# Text-to-Text Translation Preprocessing

This notebook aims to preprocess the Parallel Global Voices English-French dataset for text-to-text translation tasks.

## Import Libraries

Let's start by importing the necessary libraries.

In [24]:
from datasets import load_dataset

import pandas as pd
import re

import torch
from transformers import MarianTokenizer
from sklearn.model_selection import train_test_split

## Load Dataset

Load the Parallel Global Voices English-French dataset using the `load_dataset` function.


In [16]:
dataset = load_dataset("Nicolas-BZRD/Parallel_Global_Voices_English_French", split='train').to_pandas()

## Data Preprocessing Steps

### Text Cleaning

The text cleaning steps are as follows:
- Lowercase the text
- Remove special characters (we will keep the punctuation marks as they are important for translation tasks)
- handle URLs/HTML tags, etc.
- Remove extra whitespaces
- Expand contractions (e.g. don't -> do not)

In [17]:
def text_cleaning(text):
    text = text.lower()                 # lowercase
    text = re.sub('<[^>]+>', '', text)  # remove HTML tags
    text = re.sub(r'http\S+', '', text) # remove URLs
    text = re.sub(' +', ' ', text)      # remove extra spaces
    
    # TODO : remove special characters (check the exploratory notebook)
    # TODO : expand contractions (here or inside a data augmentation function "import contractions")
    
    return text

In [18]:
dataset['en_cleaned'] = dataset['en'].apply(lambda x: text_cleaning(x))
dataset['fr_cleaned'] = dataset['fr'].apply(lambda x: text_cleaning(x))
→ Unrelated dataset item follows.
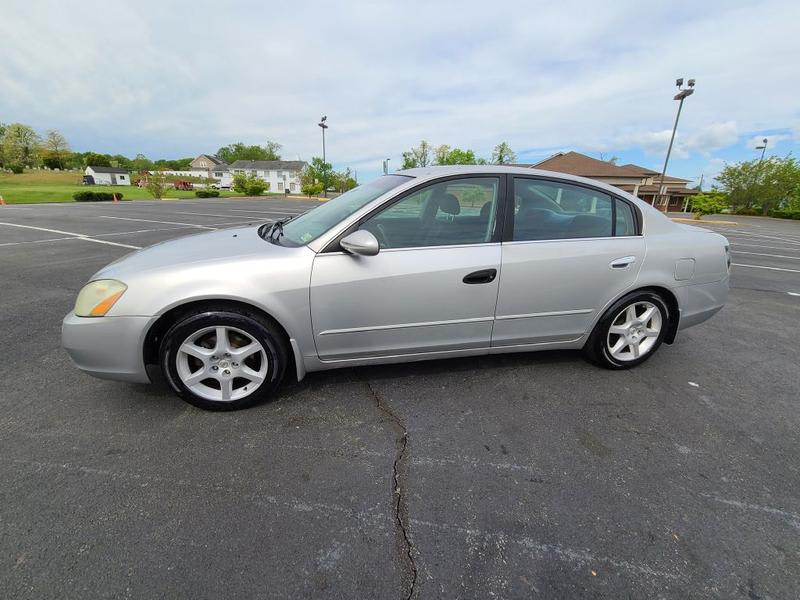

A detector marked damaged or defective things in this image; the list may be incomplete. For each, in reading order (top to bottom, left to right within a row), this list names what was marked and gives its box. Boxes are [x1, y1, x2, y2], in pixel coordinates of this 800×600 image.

### Tokenization and Numerical Encoding
In this step, we perform tokenization and numerical encoding using an appropriate tokenizer. We use the MarianTokenizer from the transformers library, specifically the 'Helsinki-NLP/opus-mt-en-fr' model, which is trained for English to French translation.

The ``dataset['en_cleaned']`` column contains the preprocessed English text, and the ``dataset['fr_cleaned']`` column contains the preprocessed French text. We apply the tokenizer.encode() method to each text, which tokenizes the text and returns the encoded representation as tensors.
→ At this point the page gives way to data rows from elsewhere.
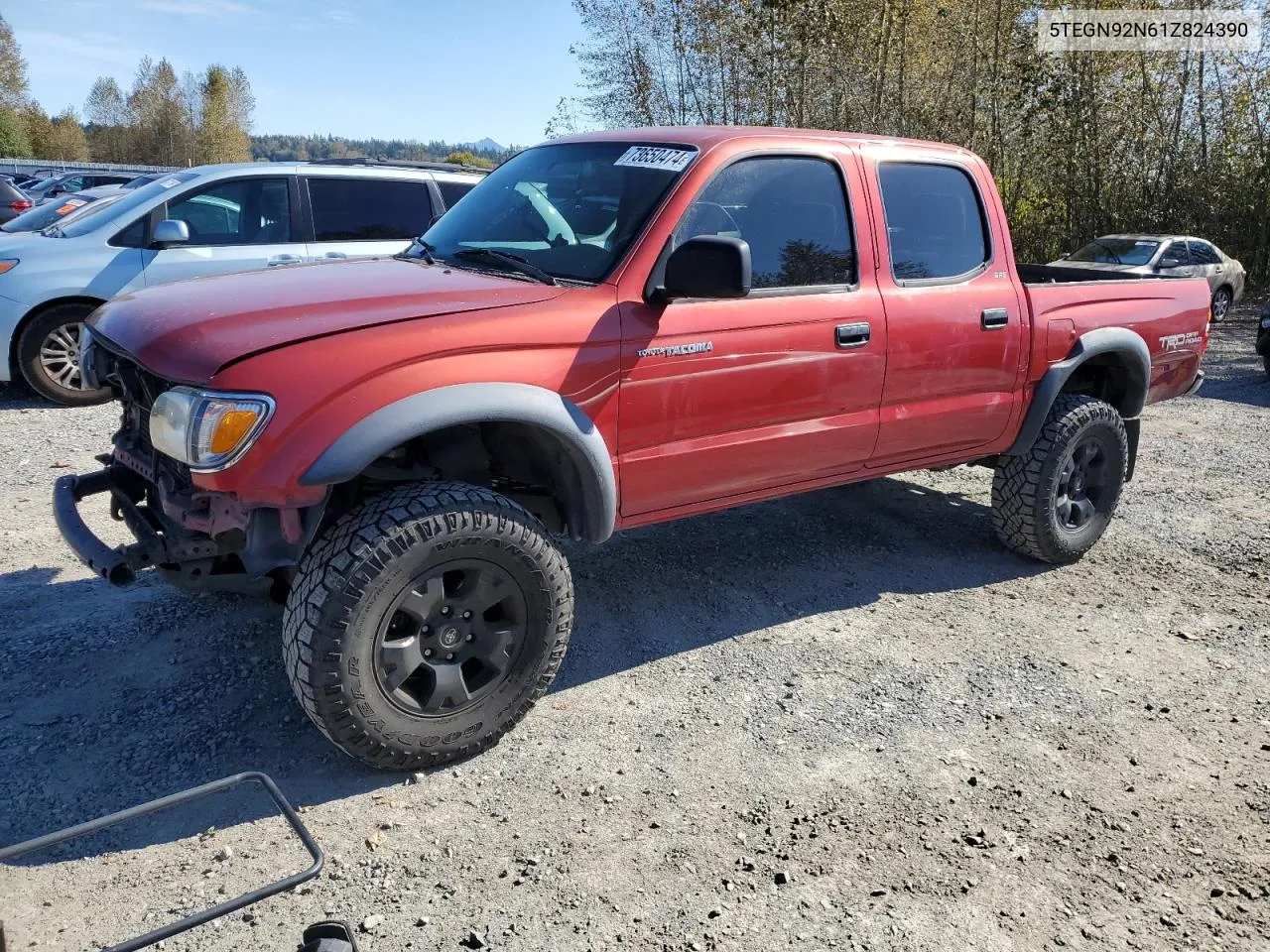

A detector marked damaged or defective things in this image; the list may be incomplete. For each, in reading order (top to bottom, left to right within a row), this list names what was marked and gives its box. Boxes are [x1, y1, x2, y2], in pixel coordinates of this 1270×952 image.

damaged front bumper [53, 464, 226, 583]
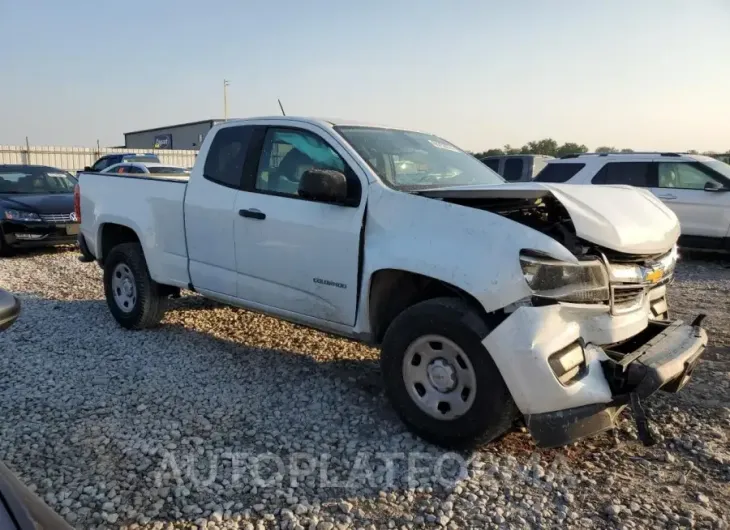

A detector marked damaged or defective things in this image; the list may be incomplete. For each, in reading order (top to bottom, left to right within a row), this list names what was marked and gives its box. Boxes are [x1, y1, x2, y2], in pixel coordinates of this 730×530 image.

crumpled hood [418, 183, 680, 255]
broken headlight [516, 251, 608, 302]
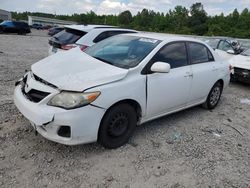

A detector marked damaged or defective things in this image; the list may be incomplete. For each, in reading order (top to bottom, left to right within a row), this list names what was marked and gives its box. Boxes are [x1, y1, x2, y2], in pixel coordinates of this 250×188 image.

damaged front bumper [13, 72, 105, 145]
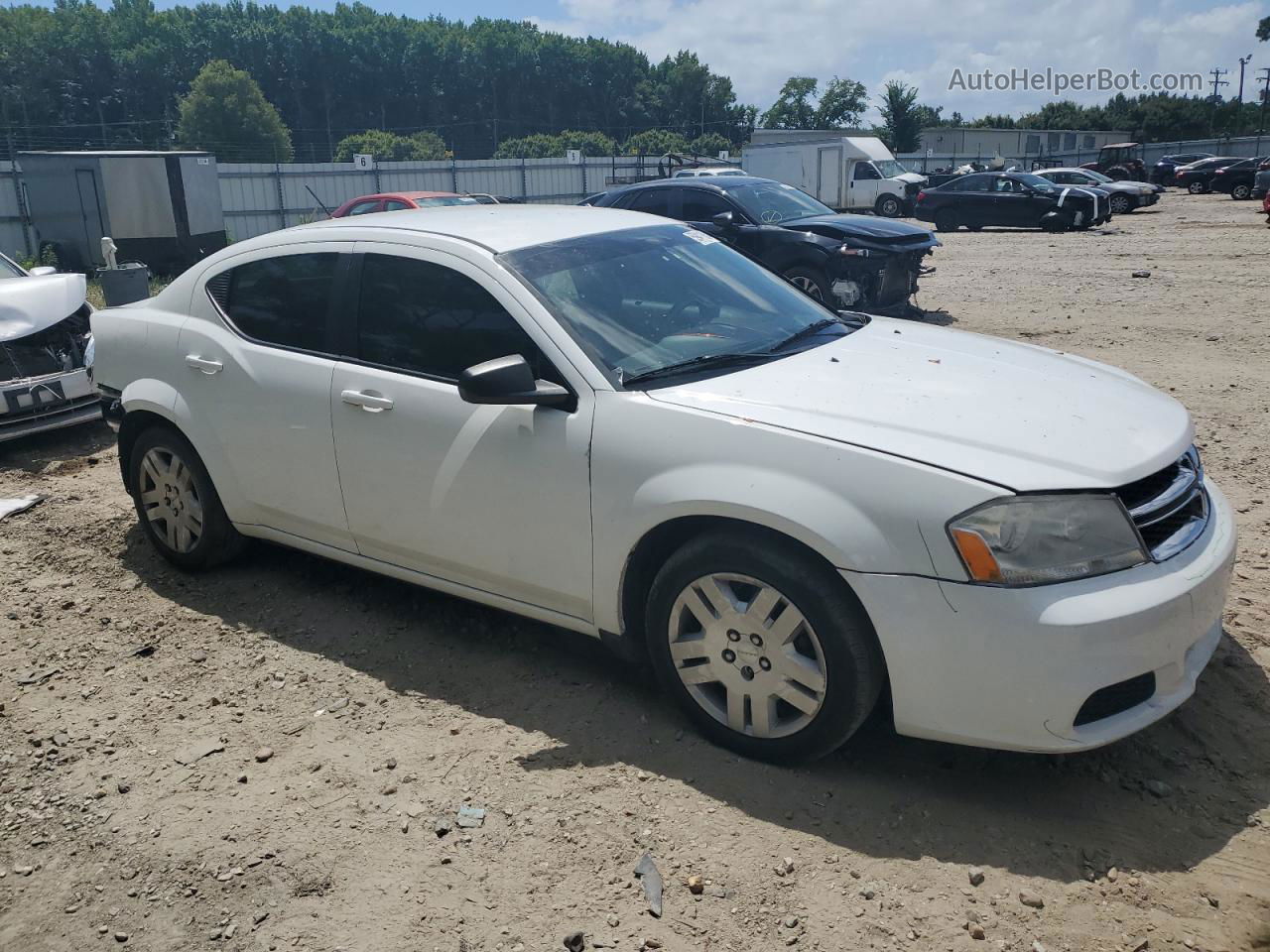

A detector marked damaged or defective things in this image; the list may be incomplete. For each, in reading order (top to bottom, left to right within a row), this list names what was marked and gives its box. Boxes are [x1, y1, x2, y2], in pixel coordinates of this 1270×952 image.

wrecked vehicle [591, 175, 937, 313]
damaged black car [591, 177, 937, 313]
wrecked vehicle [0, 253, 99, 446]
damaged black car [0, 253, 99, 446]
The encoded representations are stored in the ``dataset['en_encoded']`` and ``dataset['fr_encoded']`` columns, respectively. These encoded representations can be used as input to train translation models or perform other text-to-text translation tasks.


In [19]:
# Tokenization and numerical encoding using appropriate tokenizer
tokenizer = MarianTokenizer.from_pretrained('Helsinki-NLP/opus-mt-en-fr')
dataset['en_encoded'] = dataset['en_cleaned'].apply(lambda x: tokenizer.encode(x, return_tensors='pt'))
dataset['fr_encoded'] = dataset['fr_cleaned'].apply(lambda x: tokenizer.encode(x, return_tensors='pt'))

Token indices sequence length is longer than the specified maximum sequence length for this model (733 > 512). Running this sequence through the model will result in indexing errors


### Padding and Truncation

This section performs padding and truncation on the encoded sequences to ensure they have a consistent length.
The maximum sequence length is set to 512.
Sequences shorter than the maximum length are padded with zeros, while longer sequences are truncated.
The padded and truncated sequences are stored in the 'en_padded' and 'fr_padded' columns of the dataset, respectively.


In [22]:
max_seq_length = 512  # Maximum sequence length supported by the model

# Tokenization and numerical encoding with truncation and padding
dataset['en_encoded'] = dataset['en_cleaned'].apply(lambda x: tokenizer.encode(x, max_length=max_seq_length, truncation=True, padding='max_length', return_tensors='pt'))
dataset['fr_encoded'] = dataset['fr_cleaned'].apply(lambda x: tokenizer.encode(x, max_length=max_seq_length, truncation=True, padding='max_length', return_tensors='pt'))

### Train/Validation/Test Split


In [26]:
train_data, test_data = train_test_split(dataset, test_size=0.2, random_state=42)

## Save Preprocessed Data

In [None]:
# train_data.to_csv('../data/preprocessed/preprocessed_train.csv', index=False)
# test_data.to_csv('../data/preprocessed/preprocessed_test.csv', index=False)